Despite her embarrassment, she looked at him indignantly and said, “If you go around giving women lines like that, you would surely be asking for coffee and all sorts of hot beverages on your clothes everyday! I hope you have an exciting life!” Her budding music career forgotten, she stomped off in the direction of the exit to the building. “Men!” she muttered to herself, as she fought off all urges to look back and see if he was ok. She heard the office door open and close, which was good, she thought.
She didn’t know why she was still fuming as she was running down the steps. She was astonished to see the same guy – who must have changed shirts faster than that blue-eyed superman – running ahead of her and then jogging backwards, to talk to her across the field. “I’m sorry, did I offend you? Please stop running.”

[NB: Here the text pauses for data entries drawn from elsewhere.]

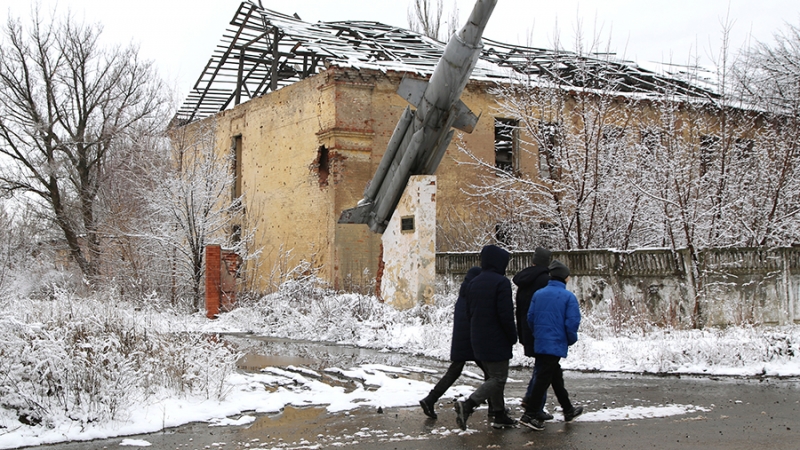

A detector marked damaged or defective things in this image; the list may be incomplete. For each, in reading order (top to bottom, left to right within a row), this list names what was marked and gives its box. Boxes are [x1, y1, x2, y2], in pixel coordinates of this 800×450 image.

war-damaged building [177, 1, 720, 294]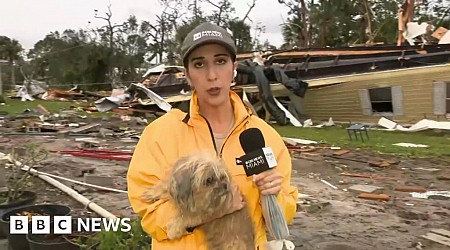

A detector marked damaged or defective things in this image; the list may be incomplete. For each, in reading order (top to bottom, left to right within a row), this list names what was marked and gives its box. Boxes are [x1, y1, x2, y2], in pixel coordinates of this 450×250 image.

broken wall [300, 63, 450, 124]
broken window [370, 87, 394, 112]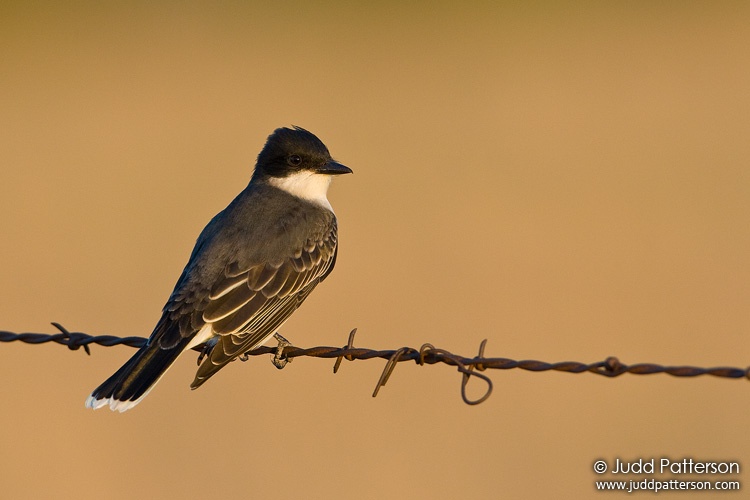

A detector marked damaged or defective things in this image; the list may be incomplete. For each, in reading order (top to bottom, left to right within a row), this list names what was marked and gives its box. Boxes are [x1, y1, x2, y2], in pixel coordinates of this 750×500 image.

rusty wire [1, 324, 750, 402]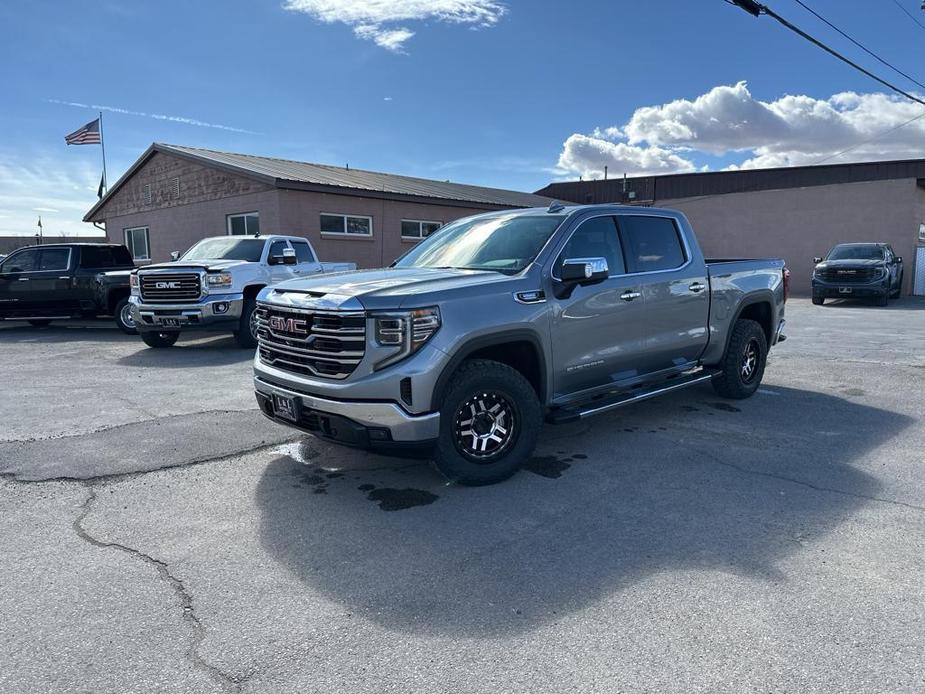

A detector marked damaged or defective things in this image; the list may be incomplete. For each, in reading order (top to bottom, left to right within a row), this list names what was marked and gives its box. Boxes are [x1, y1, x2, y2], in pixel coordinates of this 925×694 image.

cracked asphalt [1, 304, 924, 694]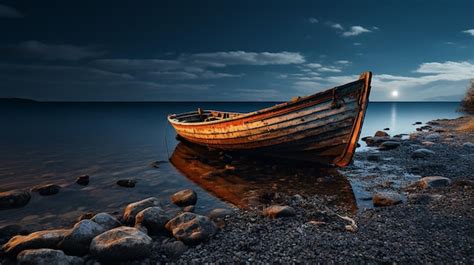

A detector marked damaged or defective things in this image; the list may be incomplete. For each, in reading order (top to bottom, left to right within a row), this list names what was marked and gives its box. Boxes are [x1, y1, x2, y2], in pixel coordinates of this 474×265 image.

rusty orange hull [168, 70, 372, 165]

Meg stopped running. She said, “Ok, if you’re trying to show me that indeed you have a new shirt, well I’m glad you do. Congratulations. I’m also glad to have saved you from boredom. Now please get out of my way, I have tons of readings to knock down next.” She was surprised at her own responses. Something’s wrong with me, I’m definitely sick, she thought.
“Whoa, whoa, hold on for a minute. Why do you turn psycho on me every time I try to start a decent conversation? I was just curious what you were doing outside my office.”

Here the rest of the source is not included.